2. A railroad should have earned its total fixed charges better than 5 times (before income tax), taking a period of years, for its bonds to qualify as investment-grade issues.
3. This past ability to earn in excess of interest requirements constitutes the margin of safety that is counted on to protect the investor against loss or discomfiture in the event of some future decline in net income.
4. (The margin above charges may be stated in other ways – for example, in the percentage by which revenues or profits may decline before the balance after interest disappears – but the underlying idea remains the same.)
5. The bond investor does not expect future average earnings to work out the same as in the past; if he were sure of that, the margin demanded might be small.

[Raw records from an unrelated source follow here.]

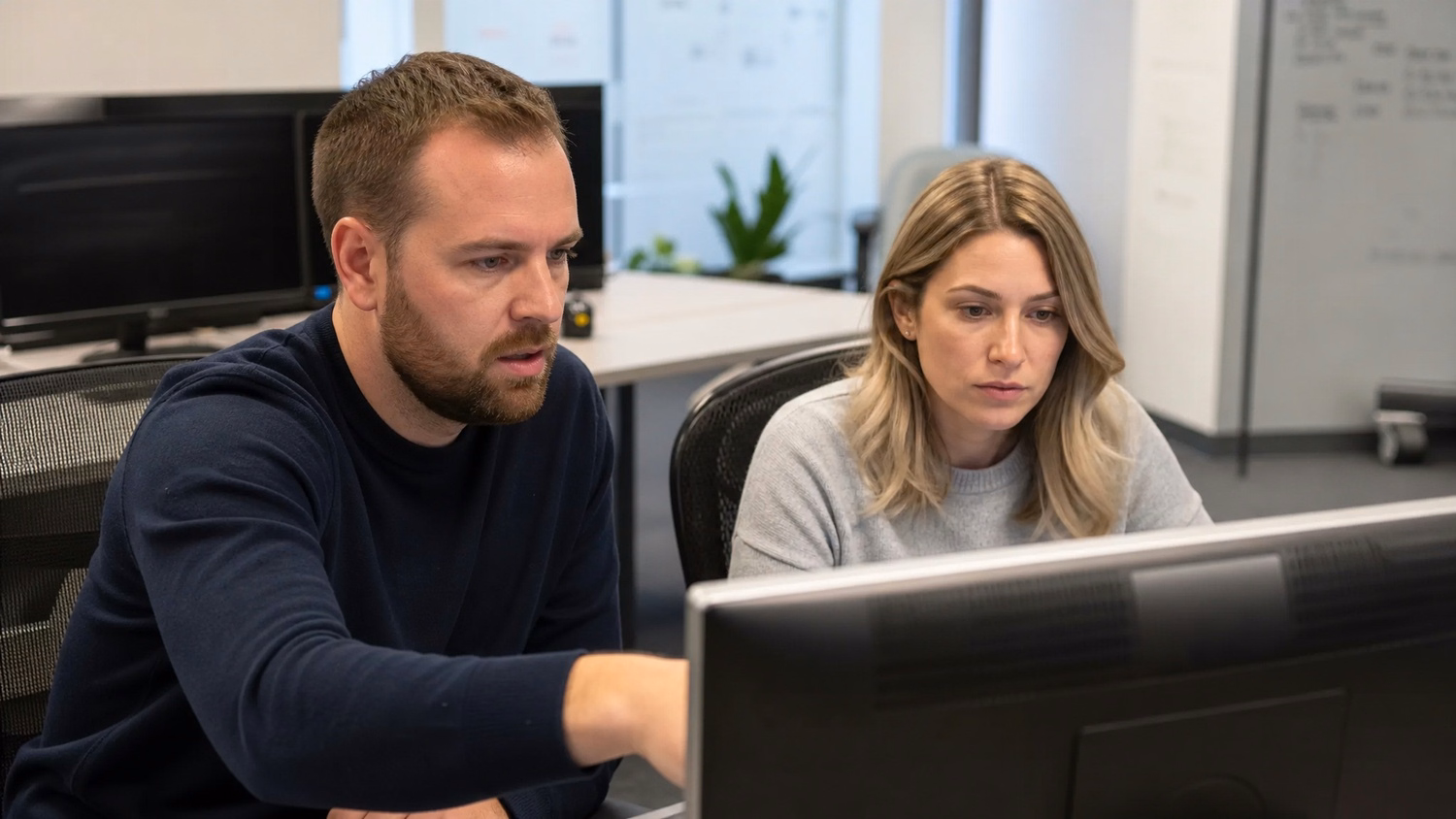 SIDE-BY-SIDE PAIR An IT professional two people seated side by side reviewin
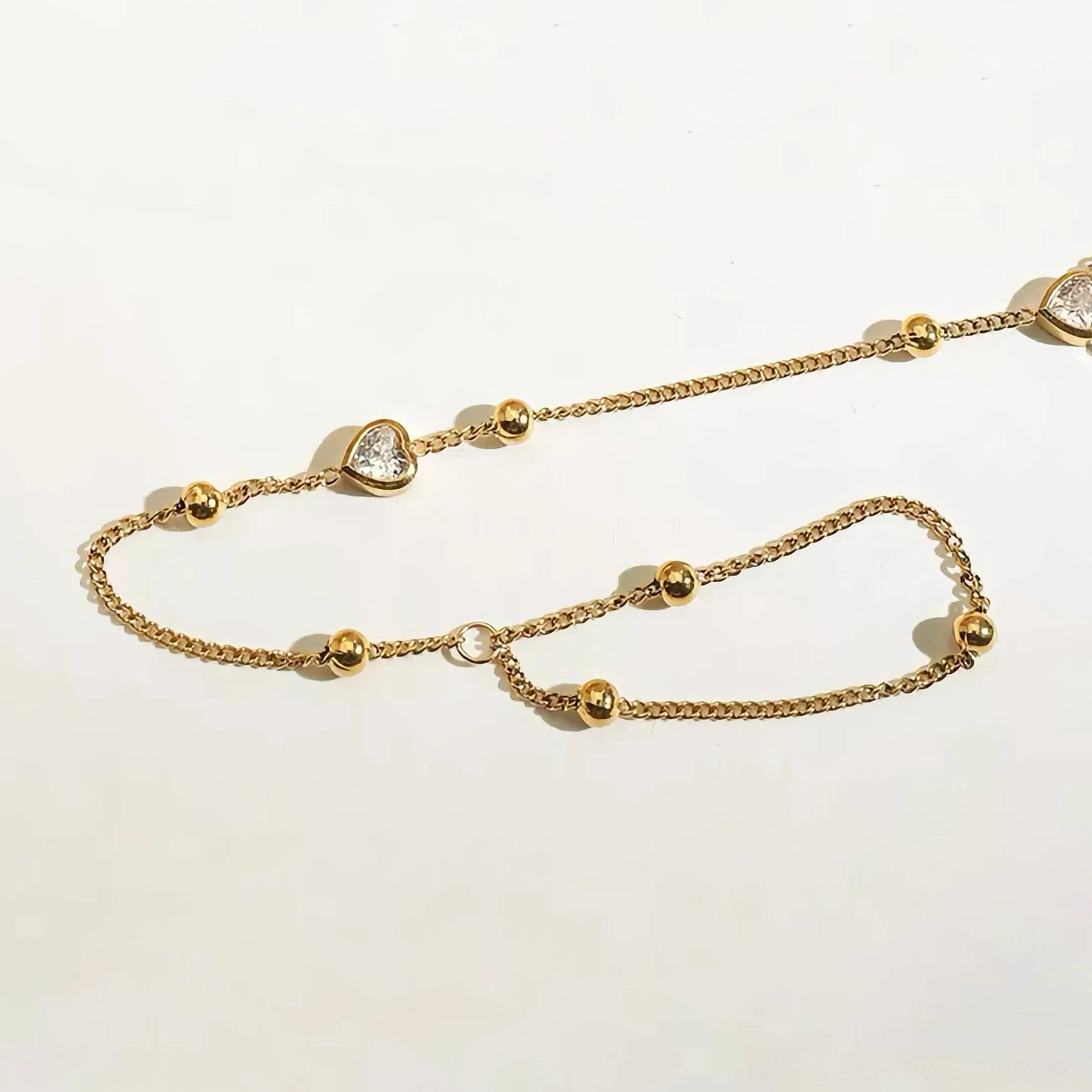 Dual 18K gold hand chains with bead accents and cubic zirconia heart charms, flat lay comparison view on light background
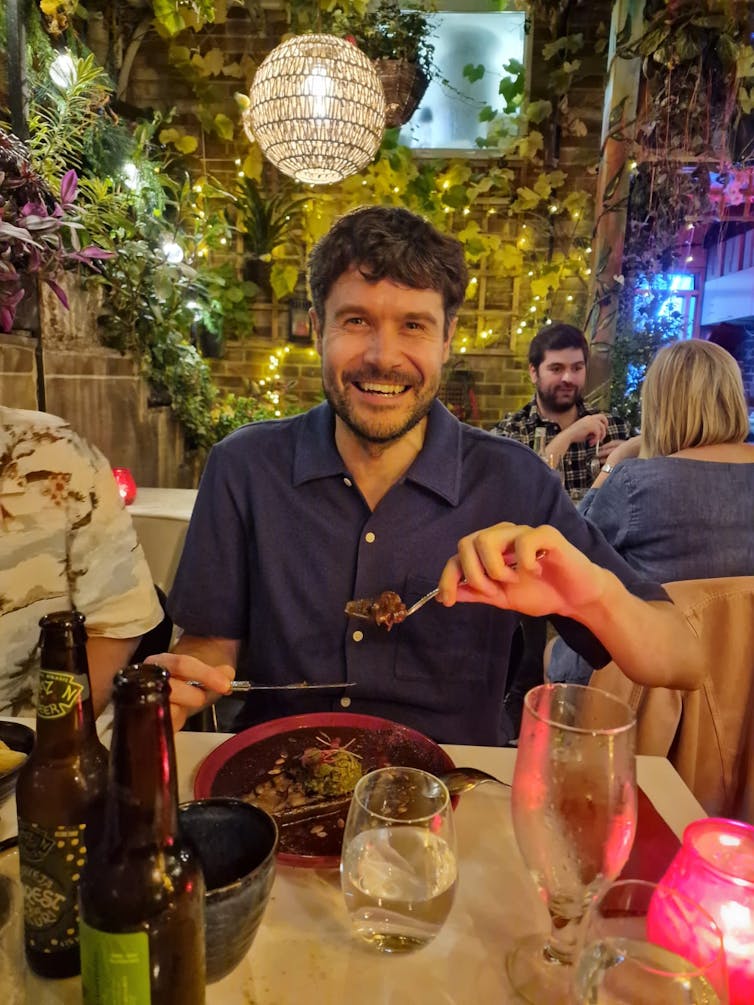 Man in a restaurant eating a meal.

6. Nor does he rely to any controlling extent on his judgment as to whether future earnings will be materially better or poorer than in the past, if he did that, he would have to measure his margin in terms of a carefully projected income account, instead of emphasizing the margin shown in the past record.
7. Here the function of the margin of safety is, in essence, that of rendering unnecessary an accurate estimate of the future.
8. If the margin is a large one, then it is enough to assume that future earnings will not fall far below those of the past in order for an investor to feel sufficiently protected against the vicissitudes of time.
9. The margin of safety for bonds may be calculated, alternatively, by comparing the total value of the enterprise with the amount of debt. (A similar calculation may be made for a preferred-stock issue.)
10. If the business owes $10 million and is fairly worth $30 million, there is room for a shrinkage of two-thirds in value – at least theoretically – before the bondholders will suffer loss. The amount of this extra value, or “cushion,” above the debt may be approximated by using the average market price of the junior stock issues over a period of years.
11. Since average stock prices are generally related to average earning powers, the margin of “enterprise value” over debt and the margin of earnings over charges will in most cases yield similar results.